=== EXERCISE REQUIREMENTS ===
Please return only the lines between the line with "Weißer Behälter mit" and the final line of the entries, both included, and exclude pictures.

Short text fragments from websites

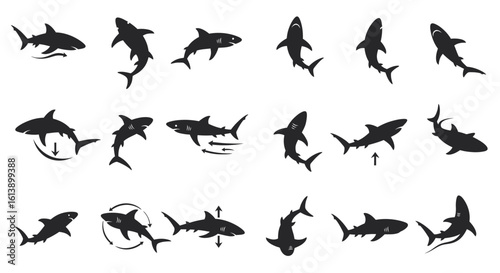 Dynamic shark silhouettes set. Black vector icons of marine predators in various swimming and hunting poses with movement arrows.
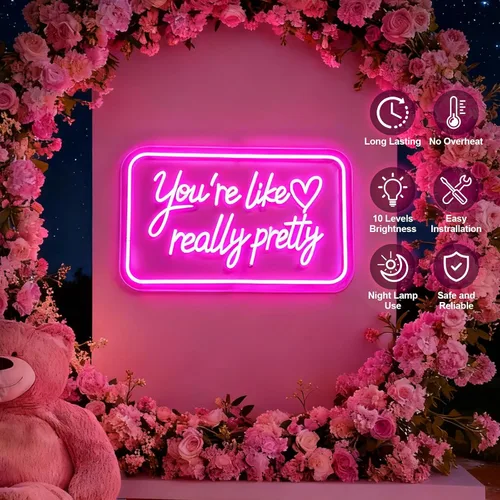 Miniatura 3 de Letrero de neón con texto en inglés "You're Like Really Pretty Neon", luz de neón LED rosa con atenuador y alimentación USB, decoración de pared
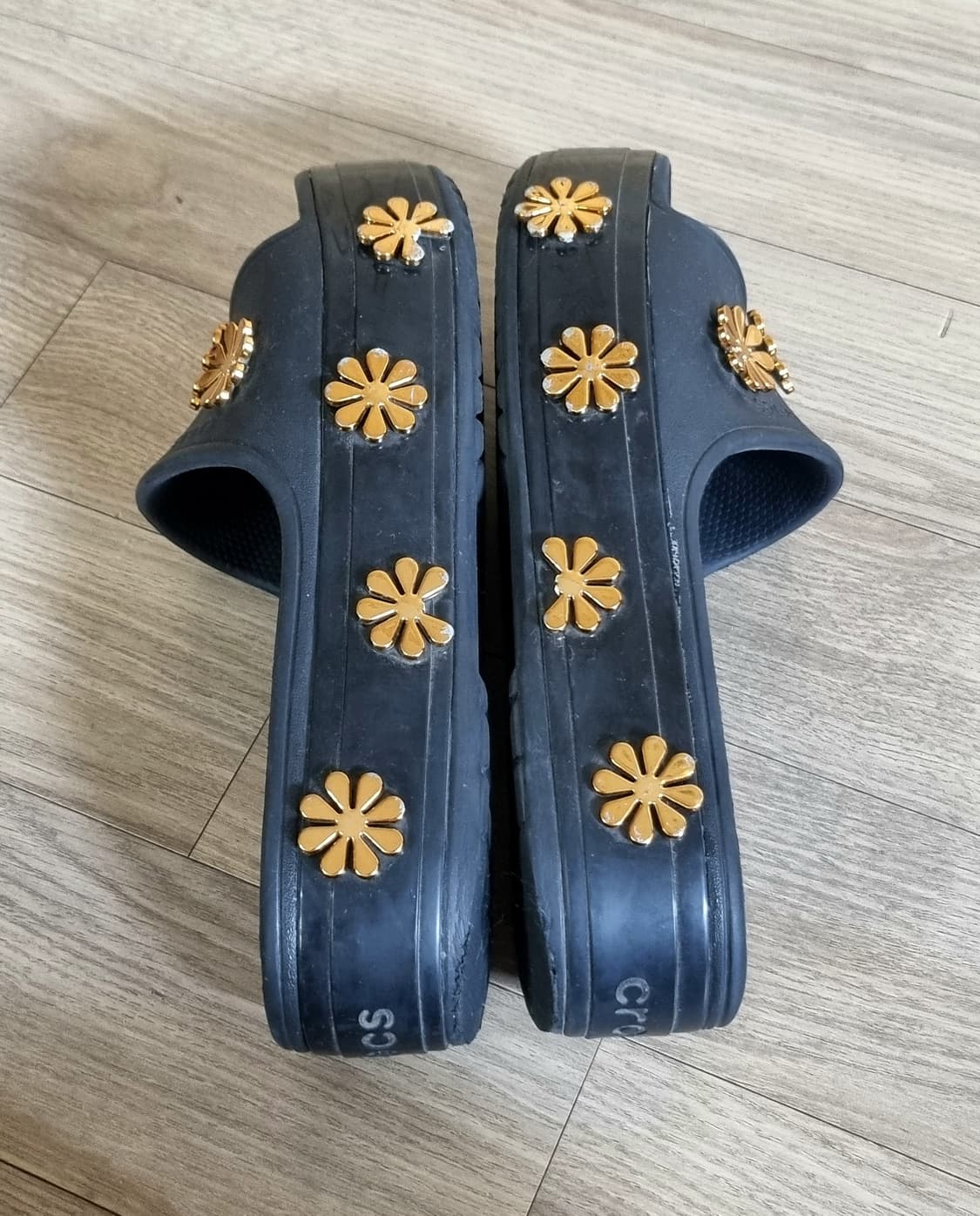 Crocs 크록스 크록밴드 플랫폼 메탈릭 블룸 슬라이드 슬리퍼 250 상품이미지10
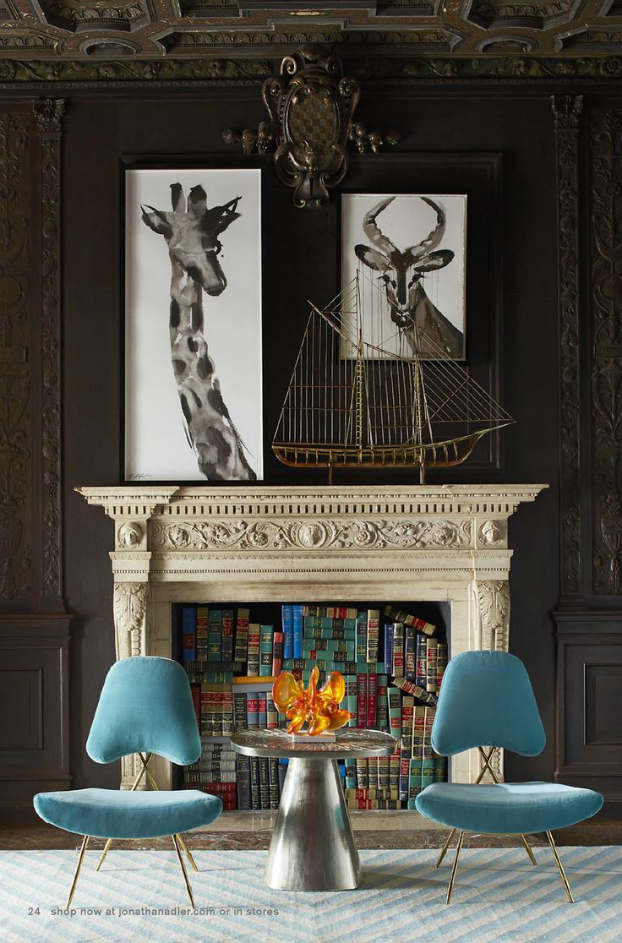 fireplace with giraffe decor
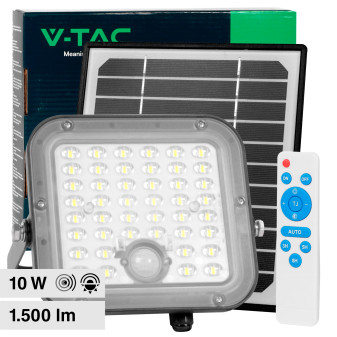 V-Tac VT-411 Faro LED 10W Faretto IP65 con Pannello Solare Sensore...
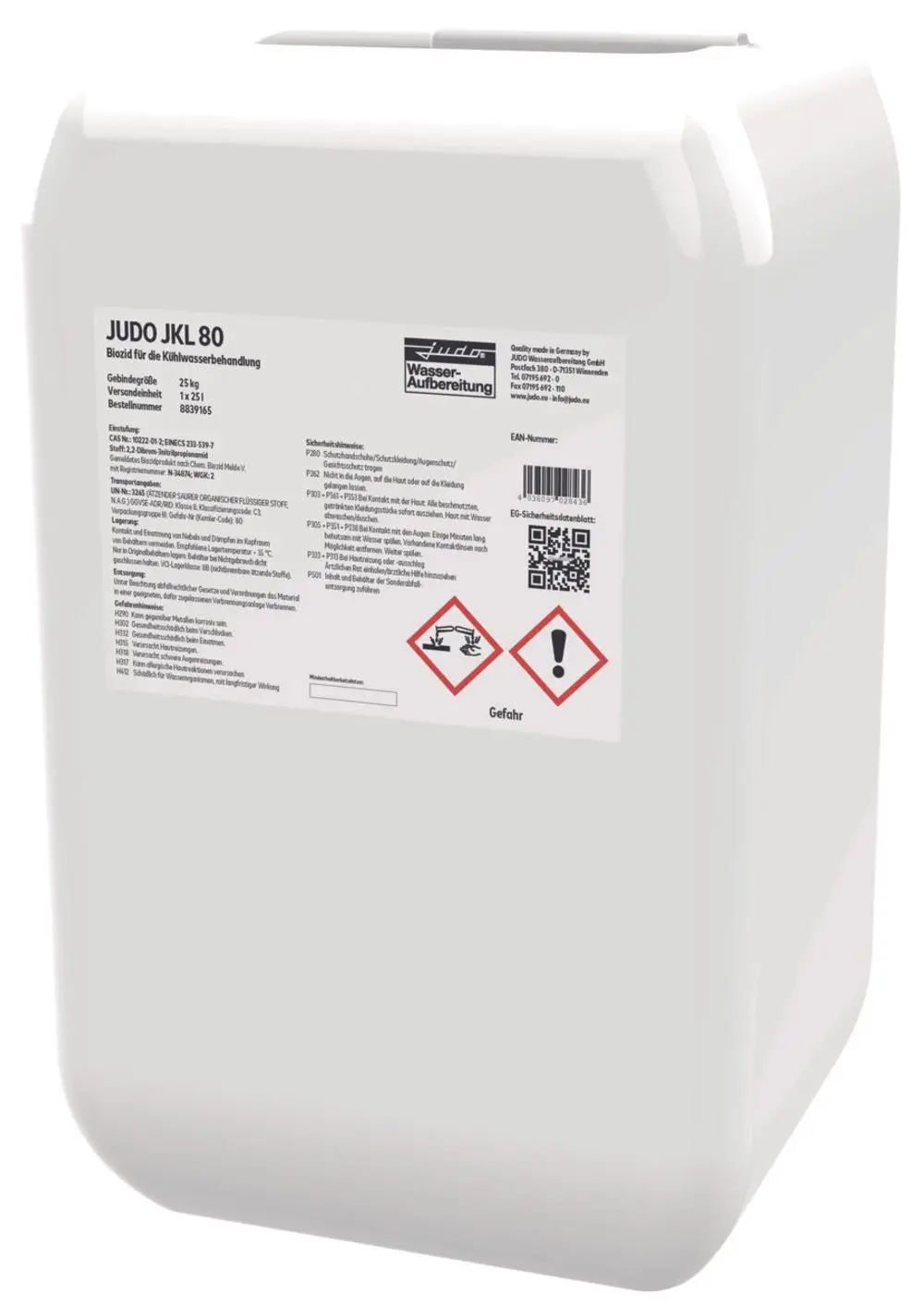Weißer Behälter mit Sicherheitswarnungen und Produktinformationen von Judo zur Behandlung von Kühlwasser, 25 kg Inhalt.
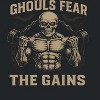Rerun Island Men Ghouls Fear The Gains Short Sleeve Graphic Cotton T-Shirt - 2 of 4
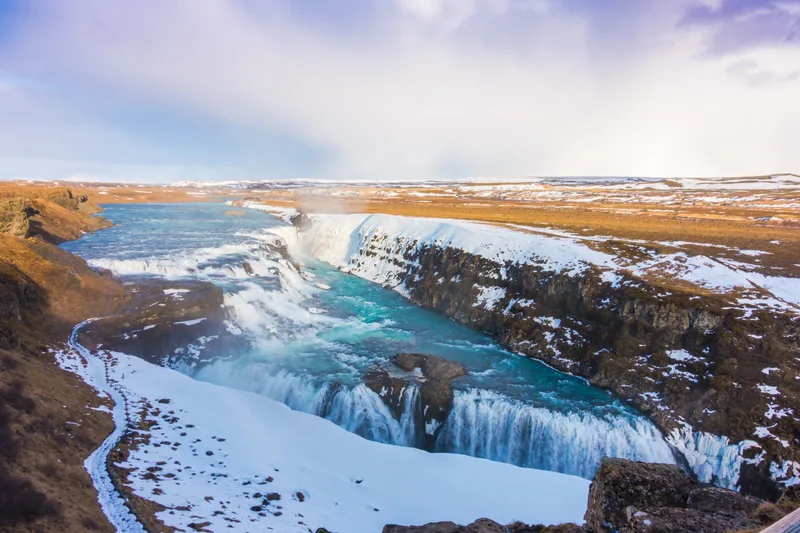 Beautiful Famous Waterfall Iceland Winter Season
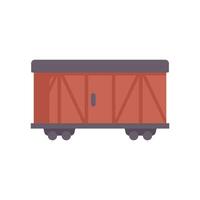 Red railroad freight wagon standing on railway track vector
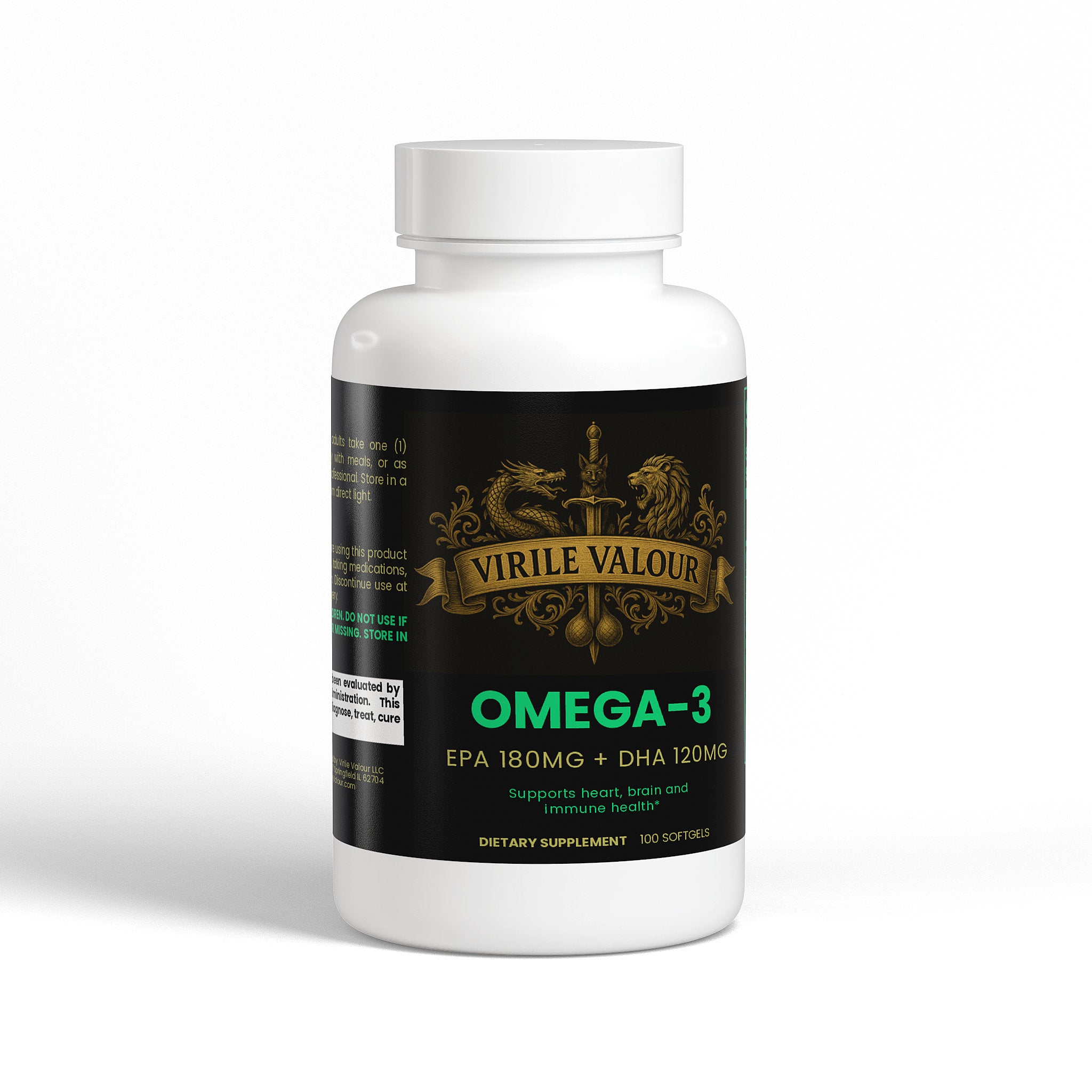 Supplement bottle labeled 'Virile Valour Omega-3' on a white background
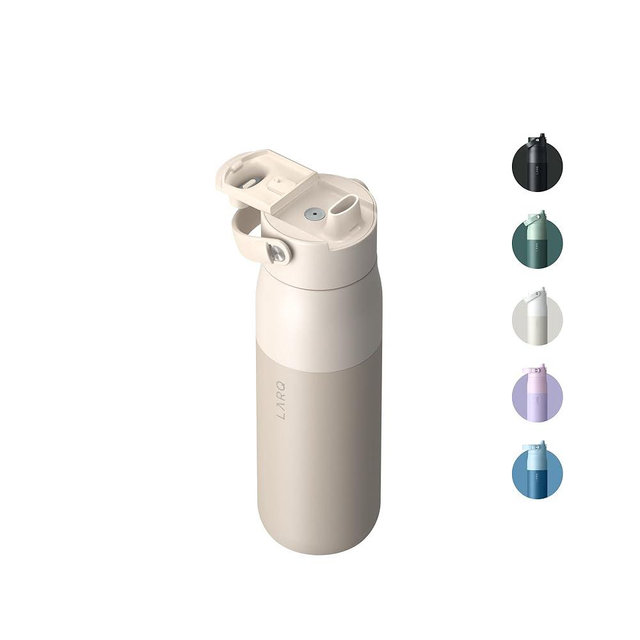 LARQ Bottle Swig Top 34oz - Insulated Reusable Stainless Steel Water Bottle With Built-In Silicone Handle | BPA Free | For Sports, Gym, and Travel | Mojave Dune
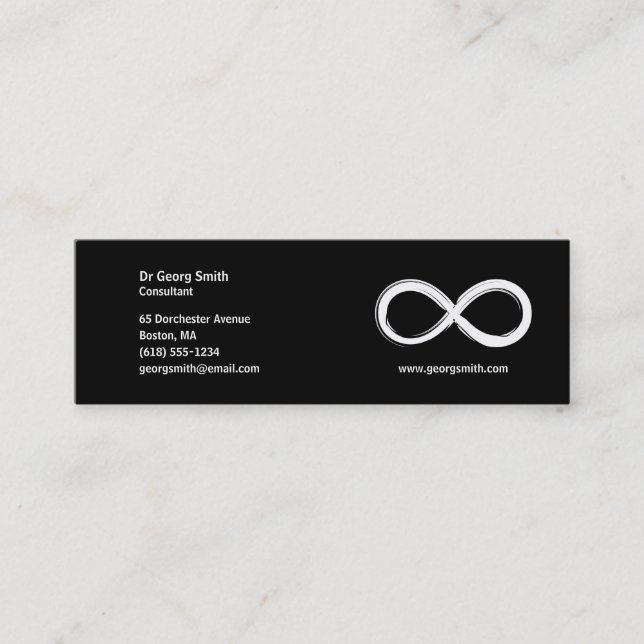 Infinito - tarjeta de visita del científico (Anverso)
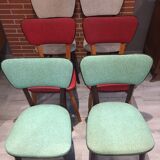 Suite of 6 vintage faux chairs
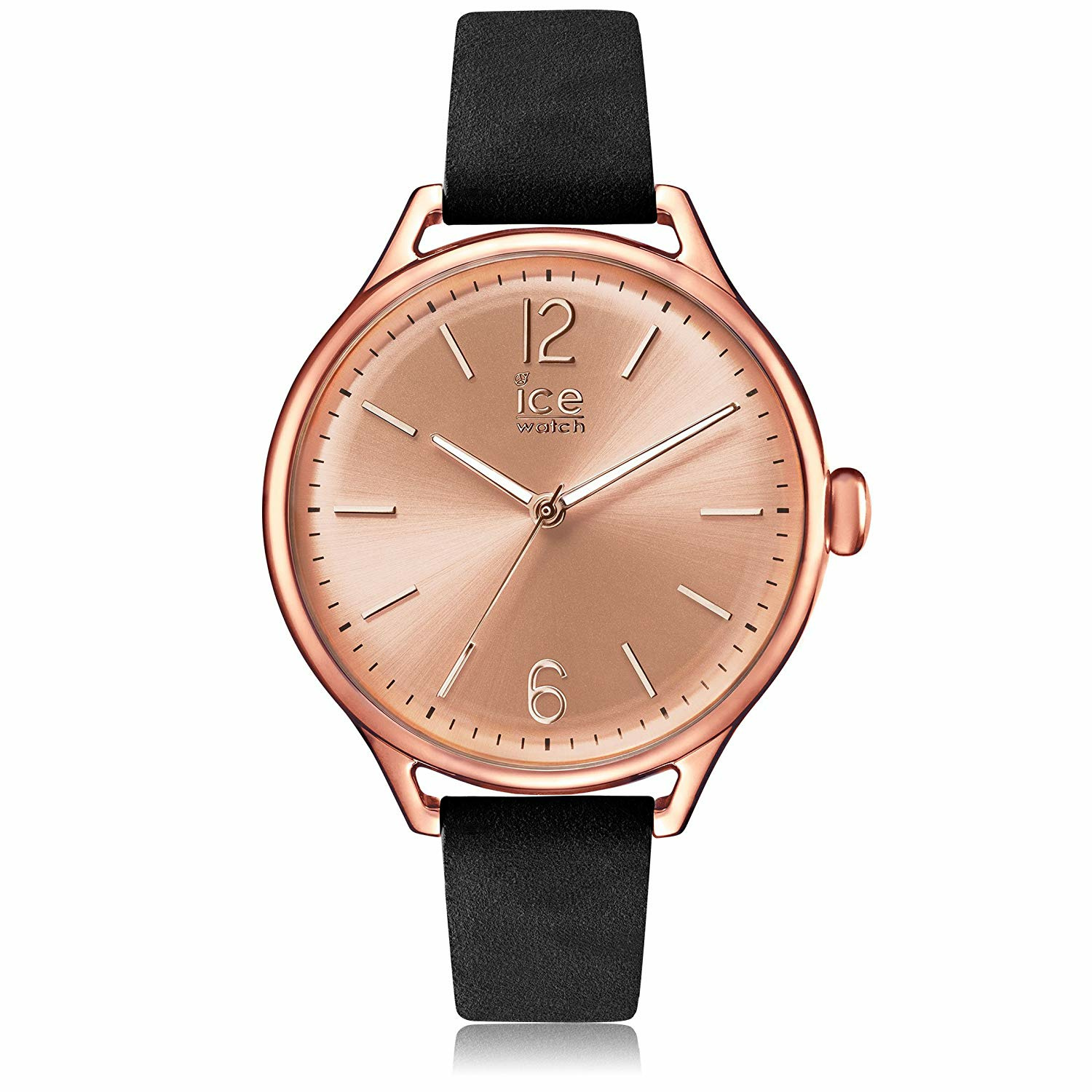 Ice-Watch - Ice Time Black Rose-Gold - Schwarz Damenuhr mit Lederarmband - 01305... Ice-Watch - Ice Time Black Rose-Gold - Schwarz Damenuhr mit Lederarmband - 01305...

=== RESPONSE AREA ===
Weißer Behälter mit Sicherheitswarnungen und Produktinformationen von Judo zur Behandlung von Kühlwasser, 25 kg Inhalt.
Rerun Island Men Ghouls Fear The Gains Short Sleeve Graphic Cotton T-Shirt - 2 of 4
 Beautiful Famous Waterfall Iceland Winter Season
 Red railroad freight wagon standing on railway track vector
 Supplement bottle labeled 'Virile Valour Omega-3' on a white background
 LARQ Bottle Swig Top 34oz - Insulated Reusable Stainless Steel Water Bottle With Built-In Silicone Handle | BPA Free | For Sports, Gym, and Travel | Mojave Dune
 Infinito - tarjeta de visita del científico (Anverso)
 Suite of 6 vintage faux chairs
 Ice-Watch - Ice Time Black Rose-Gold - Schwarz Damenuhr mit Lederarmband - 01305... Ice-Watch - Ice Time Black Rose-Gold - Schwarz Damenuhr mit Lederarmband - 01305...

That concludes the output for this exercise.